## WHAT YOU NEED TO DO:
Your task is to work out how many lines in the data that follows hold "ohne" and to state that number alone.

## EXERCISE MATERIALS:
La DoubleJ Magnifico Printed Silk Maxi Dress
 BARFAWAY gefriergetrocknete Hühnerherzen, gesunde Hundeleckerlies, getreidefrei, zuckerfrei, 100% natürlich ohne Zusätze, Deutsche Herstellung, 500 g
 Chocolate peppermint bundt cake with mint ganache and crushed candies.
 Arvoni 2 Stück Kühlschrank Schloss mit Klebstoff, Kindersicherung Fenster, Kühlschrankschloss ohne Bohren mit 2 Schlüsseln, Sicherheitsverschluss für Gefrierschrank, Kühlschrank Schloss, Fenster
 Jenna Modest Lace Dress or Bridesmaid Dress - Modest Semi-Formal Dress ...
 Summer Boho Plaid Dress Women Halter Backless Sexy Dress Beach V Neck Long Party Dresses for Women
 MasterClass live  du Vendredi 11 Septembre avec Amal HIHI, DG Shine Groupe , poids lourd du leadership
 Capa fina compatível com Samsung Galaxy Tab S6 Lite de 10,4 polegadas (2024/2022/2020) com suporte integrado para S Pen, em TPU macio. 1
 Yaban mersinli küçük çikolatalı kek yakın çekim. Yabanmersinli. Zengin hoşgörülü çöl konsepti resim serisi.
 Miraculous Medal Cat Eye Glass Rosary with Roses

## REPLY TO THE TASK:
2